VECHTA - Mit einem akademischen Festakt hat jetzt die Hochschule Vechta Professor Dr. Christoph Küper in den Ruhestand verabschiedet, der seit 1995 im Fach Anglistik tätig war. Dieses habe er weitgehend allein organisiert, sagte Hochschulpräsidentin Professor Dr. Marianne Assenmacher in ihrem Grußwort.

Forschung immer im Blick

Mit seiner ruhigen und loyalen Art – so Assenmacher weiter – habe er die Gremienarbeit konstruktiv unterstützt und viele Studenten erfolgreich zum Abschluss geführt. „Trotz der vielfältigen organisatorischen Aufgaben in Ihrem Fach und in der Lehre haben Sie die Forschung nicht aus dem Blick verloren“, lobte Assenmacher.

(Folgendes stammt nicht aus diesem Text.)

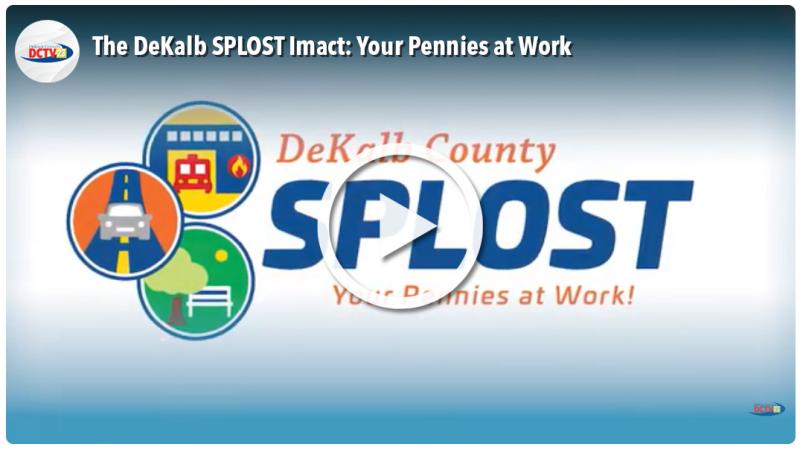Image of the DeKalb SPLOST video logo with cartoon pictures of a car, building, and park.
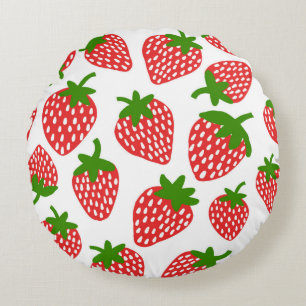 Strawberrie nahtloses Muster. Vintage Darstellung Rundes Kissen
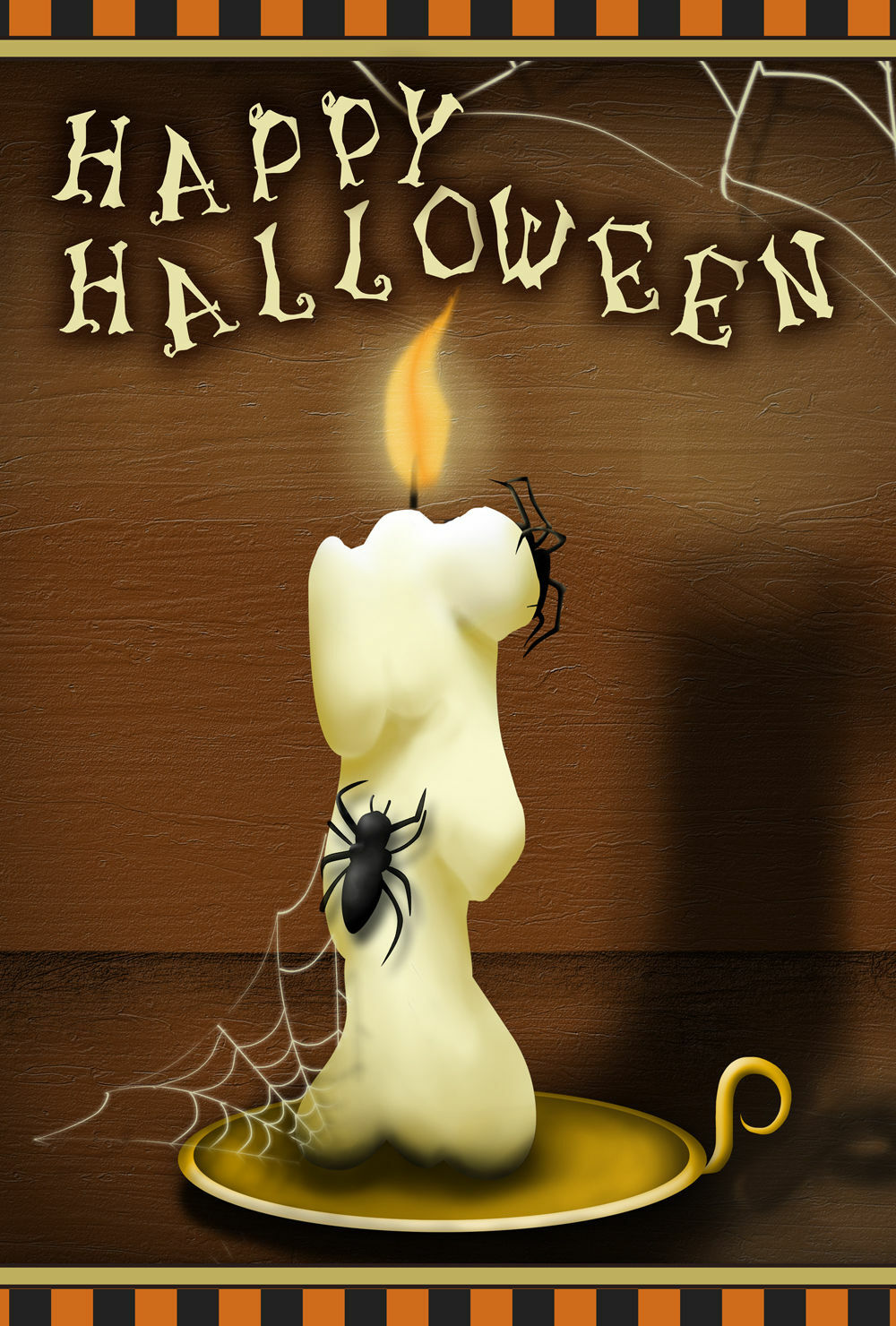 Toland Creepy Candle 12.5 x 18 Spooky Happy Halloween Spider Web Garden Flag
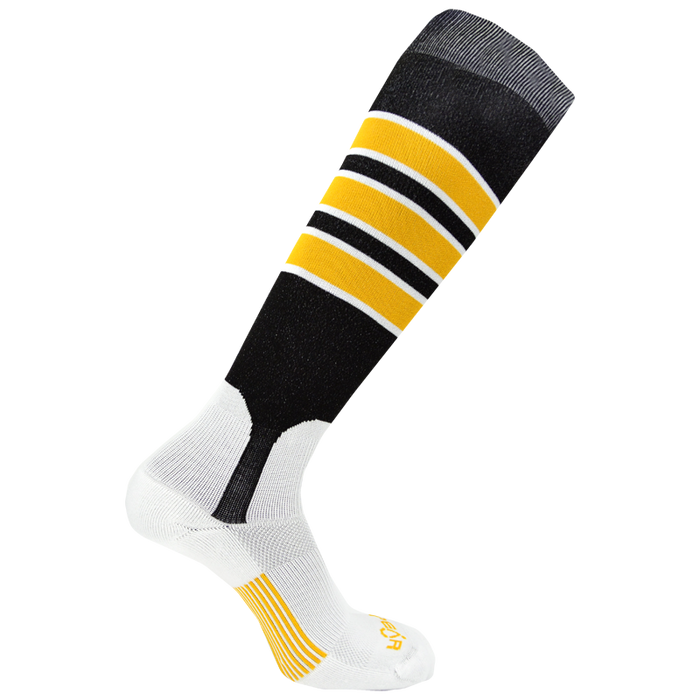 Stock Pear DoublePlay Pattern C Stirrup Sock | Size Small Color Black / Gold / White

Leidenschaft für Literatur und deren Vermittlung an die Studierenden hätten Küper besonders ausgezeichnet. Das machten die verschiedenen Redner und Laudatoren allesamt deutlich. „Professor Küper hat seine Studierenden immer vorbehaltlos unterstützt“, ergänzte Studentenvertreter Arnold Hobbacher.

Experte der Vers-Poetik

Seinen Kollegen aus der Wissenschaft gilt Küper als ausgewiesener Experte der Linguistik, der Metrik und der Poetik. „Es gibt keinen besseren Kenner der Poetik des Verses als Professor Küper“, würdigte Laudator Professor Dr. Wolfgang G. Müller, der Küper 2003 bei einem Symposium kennen gelernt hatte. In der Fachwelt genieße dieser hohes Ansehen als „bedeutendster Metrikforscher nicht nur in Deutschland“.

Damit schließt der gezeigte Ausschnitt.